(Collected data entries)
——————————

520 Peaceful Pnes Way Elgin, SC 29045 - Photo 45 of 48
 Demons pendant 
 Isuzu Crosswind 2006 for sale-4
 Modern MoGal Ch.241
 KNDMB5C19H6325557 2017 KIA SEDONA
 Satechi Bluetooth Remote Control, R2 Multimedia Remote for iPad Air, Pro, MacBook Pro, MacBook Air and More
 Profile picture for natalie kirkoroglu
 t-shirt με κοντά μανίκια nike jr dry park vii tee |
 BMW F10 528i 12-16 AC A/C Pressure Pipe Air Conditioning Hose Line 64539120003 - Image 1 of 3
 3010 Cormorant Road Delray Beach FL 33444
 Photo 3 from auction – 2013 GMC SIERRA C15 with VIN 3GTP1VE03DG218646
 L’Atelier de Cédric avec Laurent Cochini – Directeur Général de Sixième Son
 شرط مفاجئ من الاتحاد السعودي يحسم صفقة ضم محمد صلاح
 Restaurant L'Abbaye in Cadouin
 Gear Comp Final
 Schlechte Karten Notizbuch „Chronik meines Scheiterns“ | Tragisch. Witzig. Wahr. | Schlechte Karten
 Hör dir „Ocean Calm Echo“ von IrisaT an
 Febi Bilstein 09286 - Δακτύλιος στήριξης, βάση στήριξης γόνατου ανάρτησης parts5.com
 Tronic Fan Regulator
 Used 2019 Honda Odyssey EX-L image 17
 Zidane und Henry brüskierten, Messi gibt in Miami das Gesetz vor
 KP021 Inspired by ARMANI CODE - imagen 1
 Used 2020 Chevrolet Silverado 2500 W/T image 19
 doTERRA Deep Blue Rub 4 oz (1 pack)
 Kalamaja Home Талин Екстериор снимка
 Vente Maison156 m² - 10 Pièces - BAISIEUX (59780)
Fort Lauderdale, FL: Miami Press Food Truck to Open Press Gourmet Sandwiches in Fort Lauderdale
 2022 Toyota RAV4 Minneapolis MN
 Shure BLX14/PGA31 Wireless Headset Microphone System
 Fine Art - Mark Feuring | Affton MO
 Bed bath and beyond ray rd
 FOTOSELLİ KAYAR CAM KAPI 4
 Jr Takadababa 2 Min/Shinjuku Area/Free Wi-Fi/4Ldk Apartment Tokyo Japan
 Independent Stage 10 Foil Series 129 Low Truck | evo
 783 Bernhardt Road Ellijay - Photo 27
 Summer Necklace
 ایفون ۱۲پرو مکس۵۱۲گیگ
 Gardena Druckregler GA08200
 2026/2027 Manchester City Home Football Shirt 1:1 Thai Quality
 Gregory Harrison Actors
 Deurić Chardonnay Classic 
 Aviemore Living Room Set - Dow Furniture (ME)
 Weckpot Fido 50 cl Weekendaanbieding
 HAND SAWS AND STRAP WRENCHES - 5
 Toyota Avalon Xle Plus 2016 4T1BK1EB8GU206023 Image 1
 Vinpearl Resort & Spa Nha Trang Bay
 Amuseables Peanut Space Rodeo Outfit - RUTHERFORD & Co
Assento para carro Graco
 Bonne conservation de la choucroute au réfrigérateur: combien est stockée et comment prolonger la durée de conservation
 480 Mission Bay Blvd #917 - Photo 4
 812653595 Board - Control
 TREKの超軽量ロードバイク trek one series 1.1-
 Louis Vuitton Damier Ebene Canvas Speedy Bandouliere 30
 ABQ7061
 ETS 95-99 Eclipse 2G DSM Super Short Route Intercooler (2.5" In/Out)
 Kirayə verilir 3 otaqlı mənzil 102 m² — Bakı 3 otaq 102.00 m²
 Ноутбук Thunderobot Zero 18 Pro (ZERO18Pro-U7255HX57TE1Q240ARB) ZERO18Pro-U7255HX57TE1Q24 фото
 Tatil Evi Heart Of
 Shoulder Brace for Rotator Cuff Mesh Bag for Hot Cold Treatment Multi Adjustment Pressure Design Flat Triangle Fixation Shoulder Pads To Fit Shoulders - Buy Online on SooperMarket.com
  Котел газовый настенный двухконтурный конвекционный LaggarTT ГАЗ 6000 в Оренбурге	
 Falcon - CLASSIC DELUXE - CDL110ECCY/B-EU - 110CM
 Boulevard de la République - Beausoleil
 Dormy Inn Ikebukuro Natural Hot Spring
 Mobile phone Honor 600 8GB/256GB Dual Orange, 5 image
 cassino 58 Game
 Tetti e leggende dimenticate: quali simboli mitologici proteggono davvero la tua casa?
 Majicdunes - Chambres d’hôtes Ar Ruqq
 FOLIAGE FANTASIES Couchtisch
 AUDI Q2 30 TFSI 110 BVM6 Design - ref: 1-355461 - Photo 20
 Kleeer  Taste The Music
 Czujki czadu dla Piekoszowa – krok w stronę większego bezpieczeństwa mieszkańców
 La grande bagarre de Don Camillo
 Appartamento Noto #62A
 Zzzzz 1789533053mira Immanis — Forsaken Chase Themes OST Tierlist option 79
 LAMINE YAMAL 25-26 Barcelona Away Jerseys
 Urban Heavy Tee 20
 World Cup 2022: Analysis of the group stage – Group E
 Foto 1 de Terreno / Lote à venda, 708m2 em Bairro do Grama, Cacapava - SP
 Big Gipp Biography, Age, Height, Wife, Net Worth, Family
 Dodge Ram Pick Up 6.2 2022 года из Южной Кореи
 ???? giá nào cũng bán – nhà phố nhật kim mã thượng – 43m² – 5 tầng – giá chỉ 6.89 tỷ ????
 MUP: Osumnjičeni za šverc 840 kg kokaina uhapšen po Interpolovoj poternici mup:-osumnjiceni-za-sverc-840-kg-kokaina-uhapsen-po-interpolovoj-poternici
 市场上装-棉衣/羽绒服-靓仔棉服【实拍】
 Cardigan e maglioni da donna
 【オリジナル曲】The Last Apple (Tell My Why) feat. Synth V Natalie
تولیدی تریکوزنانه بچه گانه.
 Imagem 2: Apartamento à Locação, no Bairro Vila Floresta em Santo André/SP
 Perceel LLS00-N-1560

——————————

Exercise brief: In the entries above, which lines hold the word "Used"? Copy them out.

Completed exercise:
 Used 2019 Honda Odyssey EX-L image 17
 Used 2020 Chevrolet Silverado 2500 W/T image 19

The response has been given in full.